I initially got the ER32 so I could use for the collet blocks and with a collet chuck on my lathe. I later found that a _decent_ full set of R8 is expensive, their clamping range for each collet is extremely limited, they take an awful lot of Z height to swap out and messing with the drawbar is an arse when the quill is extended. With the ER collets in, I can swap tools with little more than 1" of Z clearance if needed as the tool can be pushed in and the collet rolled out of the chuck. Useful when lacking Z clearance and saves a ton of cranking the knee for a collet swap, so worth the loss of 1.5" Z in most instances!

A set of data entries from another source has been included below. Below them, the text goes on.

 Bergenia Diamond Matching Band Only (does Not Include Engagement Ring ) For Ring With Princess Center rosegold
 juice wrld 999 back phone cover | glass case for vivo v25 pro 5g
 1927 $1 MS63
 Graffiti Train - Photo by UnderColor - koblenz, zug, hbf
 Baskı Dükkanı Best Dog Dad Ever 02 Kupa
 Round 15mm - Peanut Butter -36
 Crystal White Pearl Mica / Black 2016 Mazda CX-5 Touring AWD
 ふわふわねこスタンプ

I do use the R8 for the few larger 3/4 shank cutters I have, slitting saws and suchlike. Everything else goes in the ER for convenience. I've found I can swap drills out almost as quick as the Jacobs, so it often saves swapping that in too. 

For what I do, a small range of well chosen R8 collets and full set of ER32 is absolutely spot on and actually economical.


----------



## Brento (Aug 1, 2021)

Speaking of angle plates Dave do you have any smaller sets?


----------



## KyleG (Aug 2, 2021)

@LoFi - Thanks for the rundown, I appreciate the insight.


----------



## davidpbest (Aug 3, 2021)

KyleG said:


> @LoFi - Thanks for the rundown, I appreciate the insight.


The attached may or may not be helpful to you.  Like LoFi, I too run ER32 collet chucks on my knee mill.  Also, a power drawbar on the mill really take a lot of the grind out of tool chaning.  I also use ER40 to interchange between the lathe and mill.


----------